Reading Dreze and Sen 2: India's problems are not because of its democratic character, but rather due to a lack of it.

Given that China has done much better than India in using its economic growth for the advancement of public services and social infrastructure (which means the provision of basic social services such as schooling, healthcare, safe water, drainage, housing etc), some people in India are often tempted to think that this is because China is authoritarian and India a democracy. The conclusion that these persons reach is that it is India’s democracy that is to blame for its lag behind China. But Dreze and Sen argue that this needs to be questioned.

They point out that, in China, policies are decided at the top, with little scope for pressures from below (i.e. from citizens like us). It is a fact that Chinese leaders – although authoritarian - have been strongly committed to eliminating hunger and illiteracy, and this has certainly helped China’s socio-economic advancement. But authoritarian political systems like China always remains fragile because government leaders can arbitrarily change their priorities in a counter-productive direction and citizens can do very little about it.

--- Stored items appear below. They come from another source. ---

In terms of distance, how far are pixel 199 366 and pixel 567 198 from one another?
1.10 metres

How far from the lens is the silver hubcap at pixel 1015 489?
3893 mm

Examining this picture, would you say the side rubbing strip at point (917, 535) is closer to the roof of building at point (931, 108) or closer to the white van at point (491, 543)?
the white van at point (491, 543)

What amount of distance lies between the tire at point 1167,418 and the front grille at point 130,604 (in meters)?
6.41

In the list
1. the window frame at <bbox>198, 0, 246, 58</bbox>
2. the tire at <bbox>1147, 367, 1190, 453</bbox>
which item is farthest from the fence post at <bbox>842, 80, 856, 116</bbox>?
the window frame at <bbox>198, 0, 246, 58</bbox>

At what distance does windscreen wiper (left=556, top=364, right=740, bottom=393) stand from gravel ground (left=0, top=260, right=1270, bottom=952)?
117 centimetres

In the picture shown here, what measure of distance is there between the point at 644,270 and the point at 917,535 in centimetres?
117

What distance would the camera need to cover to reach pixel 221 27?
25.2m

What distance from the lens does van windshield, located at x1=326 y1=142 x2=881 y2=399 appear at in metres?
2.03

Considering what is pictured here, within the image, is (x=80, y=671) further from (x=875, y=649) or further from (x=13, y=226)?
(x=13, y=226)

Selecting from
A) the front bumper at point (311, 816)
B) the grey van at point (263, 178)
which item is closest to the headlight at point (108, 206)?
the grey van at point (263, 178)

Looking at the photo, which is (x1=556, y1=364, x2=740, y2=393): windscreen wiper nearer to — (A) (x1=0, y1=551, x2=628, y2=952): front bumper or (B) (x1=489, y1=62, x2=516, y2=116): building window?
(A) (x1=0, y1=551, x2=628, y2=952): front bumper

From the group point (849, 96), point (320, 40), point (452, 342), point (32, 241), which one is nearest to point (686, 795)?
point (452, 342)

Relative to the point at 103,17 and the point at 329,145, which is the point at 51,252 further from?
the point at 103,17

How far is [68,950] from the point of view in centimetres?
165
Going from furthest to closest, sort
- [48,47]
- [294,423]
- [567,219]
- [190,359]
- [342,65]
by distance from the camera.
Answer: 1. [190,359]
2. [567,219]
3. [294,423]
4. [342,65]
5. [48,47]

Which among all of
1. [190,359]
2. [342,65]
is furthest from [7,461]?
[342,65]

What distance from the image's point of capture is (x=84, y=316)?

Dreze and Sen stress that the gravity of this danger is made clear by the following example: from 1959-62, a catastrophic famine occurred in China. The regime failed to understand what was going on, there was no public pressure against its policies and so it continued its policy mistakes for 3 years, resulting in the death of 30 million (I.e. 30,000,000) people. This is highly unlikely in a democracy which allows room for public pressure, and in which the government is forced to be more accountable to citizens.
 
Another example they provide of the fragility of the process of economic and social advancement through an authoritarian system is China’s economic reforms in 1979. These reforms involved a huge retreat from the principle of universal healthcare coverage: the proportion of rural population covered by free or heavily subsidized healthcare crashed to around 10% within a few years. In a democracy, healthcare could not have been withdrawn so easily and swiftly. This withdrawal of universal entitlement to healthcare reduced the progress of longevity in China, and China’s large lead over India in life expectancy dwindled over the following 2 decades (falling from a 14 year lead to just 7 years)[1]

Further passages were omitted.